In the conservative society of the villages, women during their menstruation are not allowed to touch kitchen and prohibited to keep fast, pray and worship. They are believed to become impure during the period.

“Women become unclean and impure during their period,” the villagers said.

However, a few local women have of late been found daring to challenge the traditional Chhaudpadi system.

Laxmi Thapa, 38, of Sattalla village of Dailek, said that she stopped following the Chhaupadi system 10 years ago.
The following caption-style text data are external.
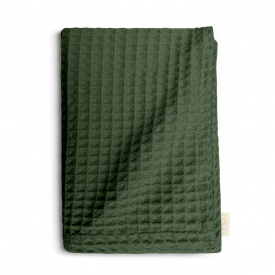 Рушник вафельний COSAS Basil Greek Waffle 75x130 см Смарагдовий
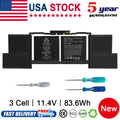 NEW A1953 Battery for Apple Mid 2018 2019 MacBook Pro 15 A1990 EMC 3215 EMC 3359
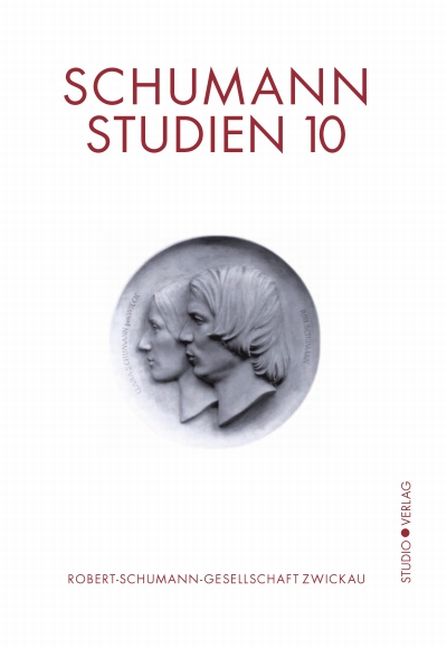 Cover zu Schumann-Studien 10 (ISBN 9783895641428)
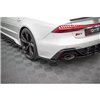 Maxton - Lames De Pare-Chocs Arrière Latérales V.1 Audi RS6 C8 / C8 Facelift 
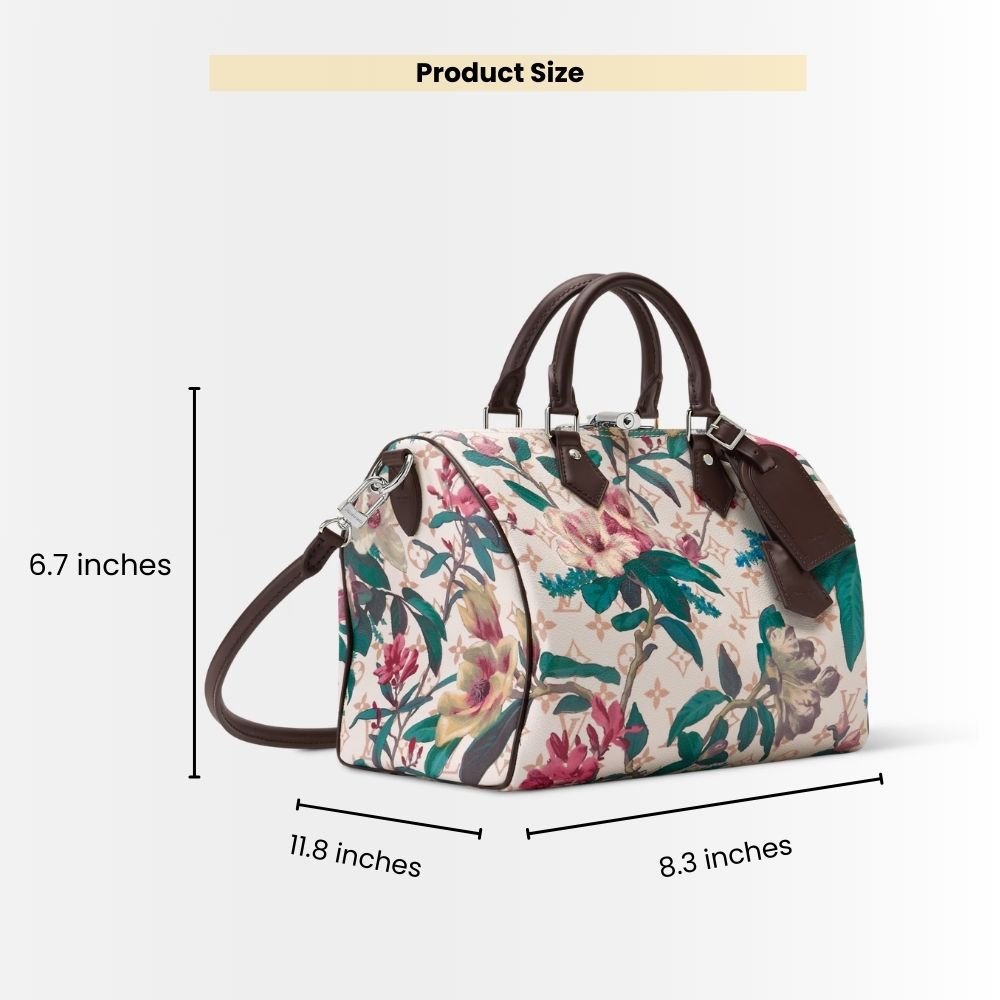 Louis Vuitton Speedy Soft 30 Monogram Canvas Dune 30cm M29066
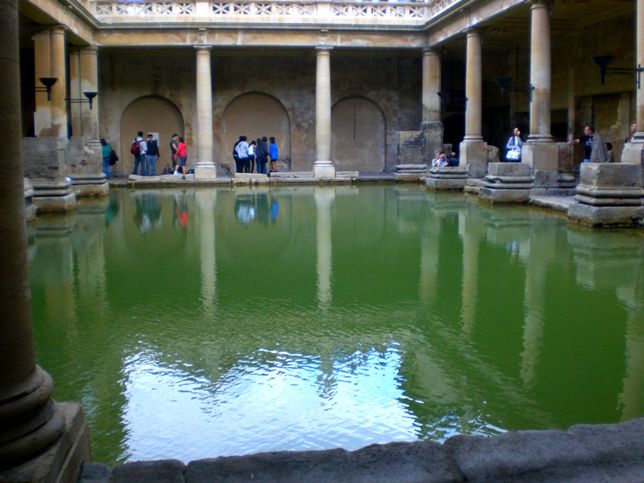 4 - rekonstruált római fürdő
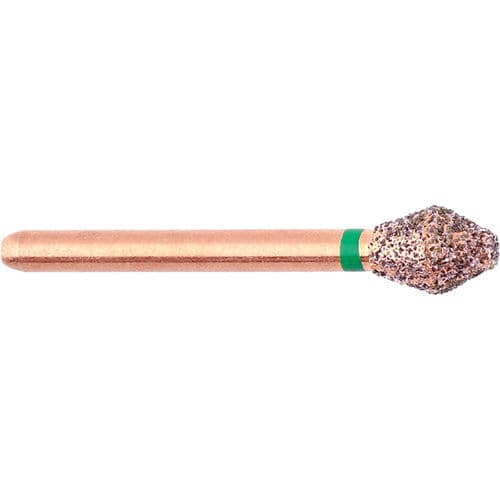 Fresa per corone dentali - KP6811 series - Komet Dental - in oro / in gesso / in diamante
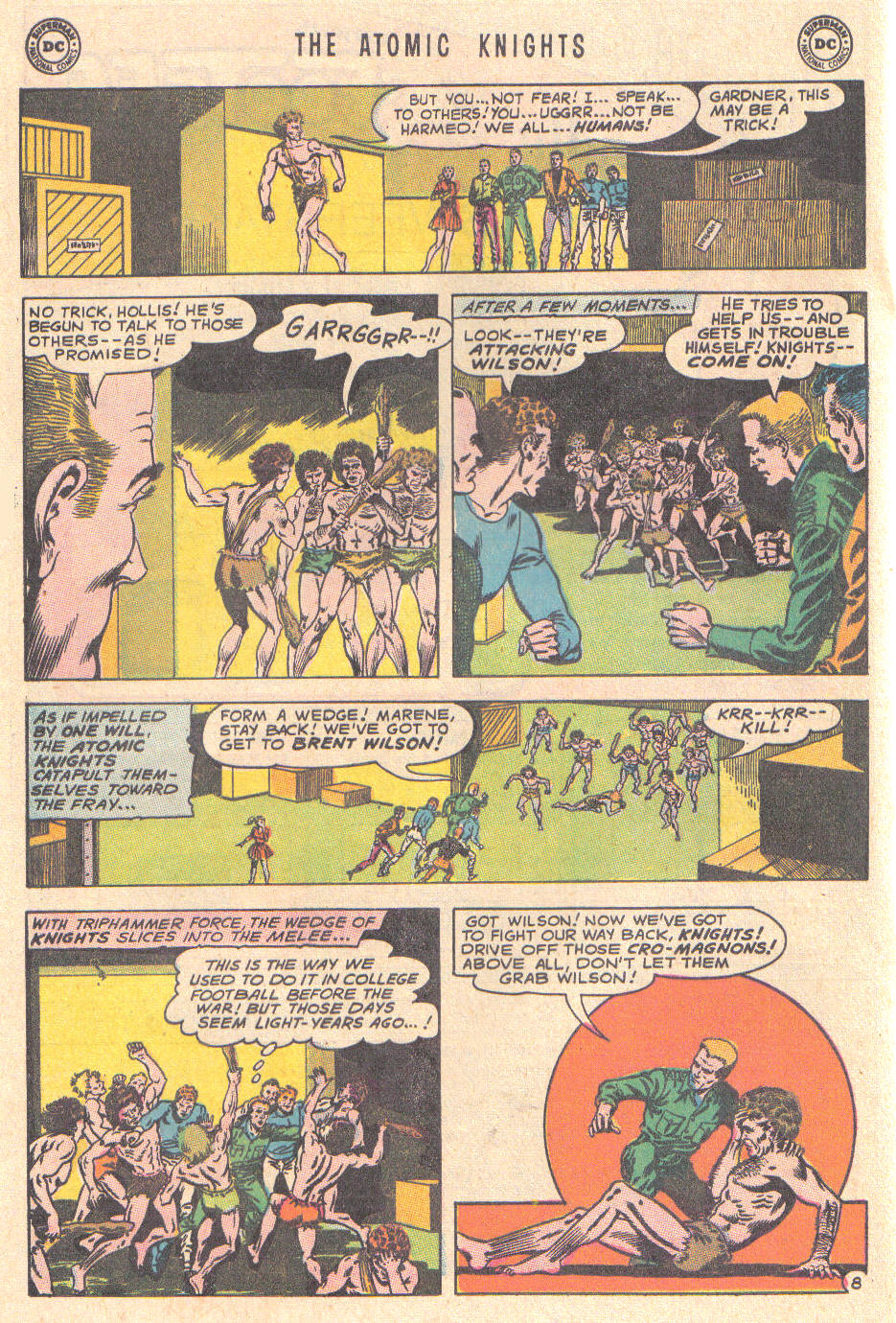 Read online Strange Adventures (1950) comic -  Issue #219 - 24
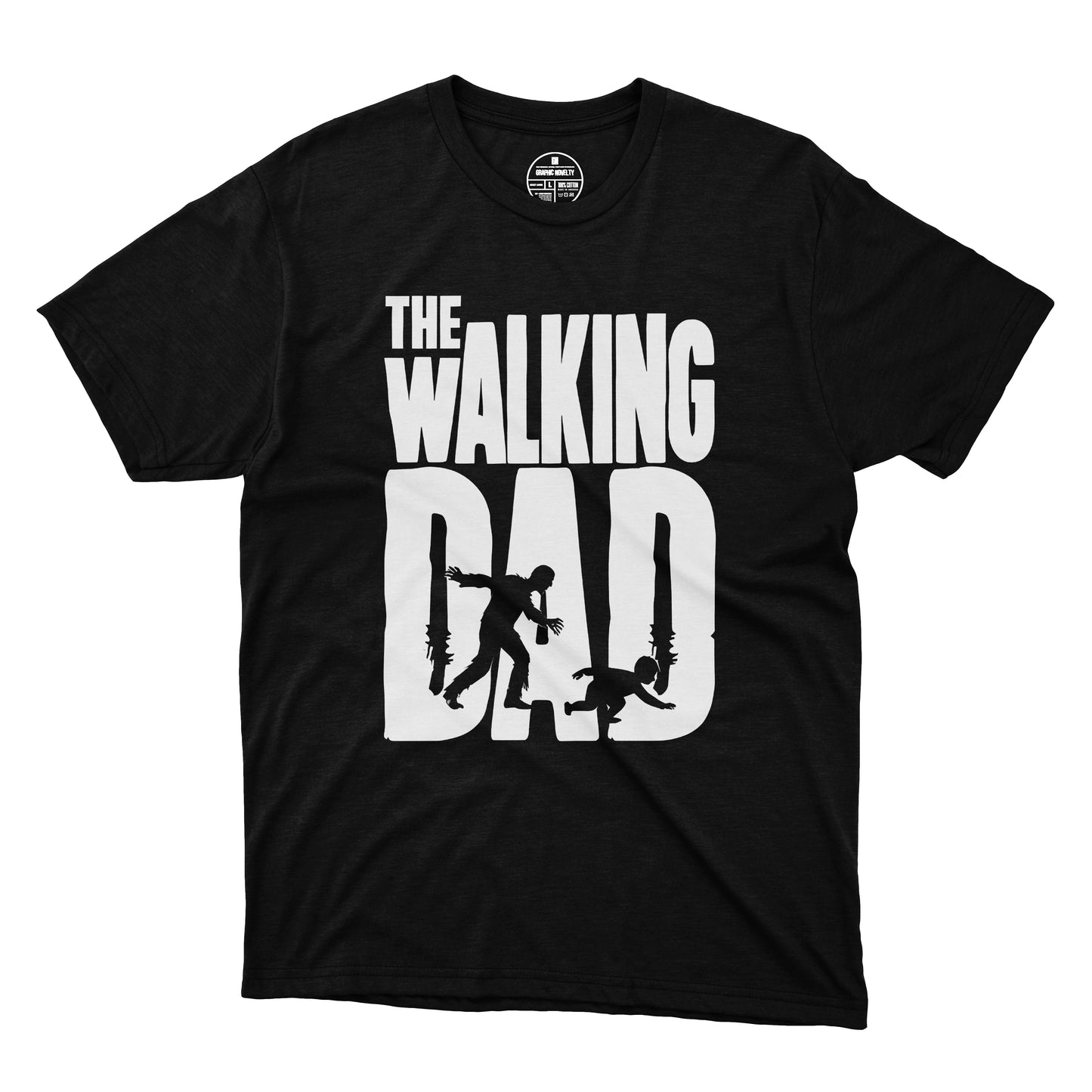 The Walking Dad T-Shirt 001A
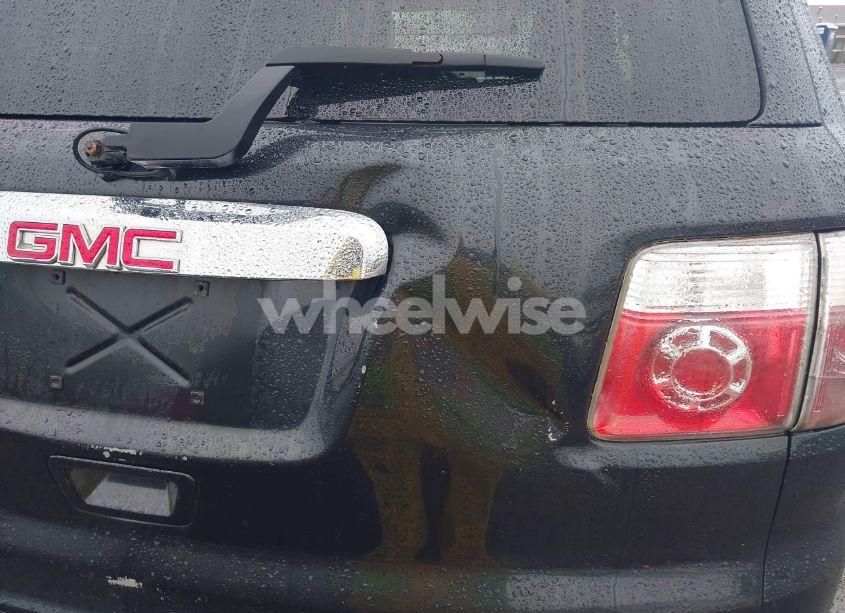 Photo 12 of 2012 Gmc Acadia SL (VIN 1GKKRNED5CJ261781)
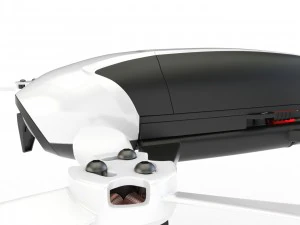 parrot bebop v2 3D Model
These days Thapa is happy to follow the usual household chores even during her menstrual cycle.

According to Thapa, her husband showed reluctance in eating the food prepared by her during the initial days.

As days passed by, Laxmi’s husband started eating the food prepared by her. “Nowadays, he takes the food that I prepare during the period,” she said.

This is how the girls and women in western Nepal stay in sheds during their period.

In the beginning, the villagers criticized her for rejecting the tradition. Thapa is just an example. There are a few other women who had also rejected observing the menstruation cycle.

Bhakta Bahadur Thapa, 53, a local man, who runs a shop, said that the women have gradually stopped observing the menstruation cycle.

“There is a need to carry out awareness programme at the remote areas that menstruation is a natural cycle,” he added.

However, Hasana Bista, a local woman, said she wanted to continue the tradition because she feared that the God might punish her for violating the tradition.

Not only in western Nepal, but also in Kathmandu and other areas women of the so called high caste groups of Brahmin and Kshetris do not work in kitchen, do not share bed with their husbands and do not visit temples during their period. However, they do not have to stay in cow-sheds.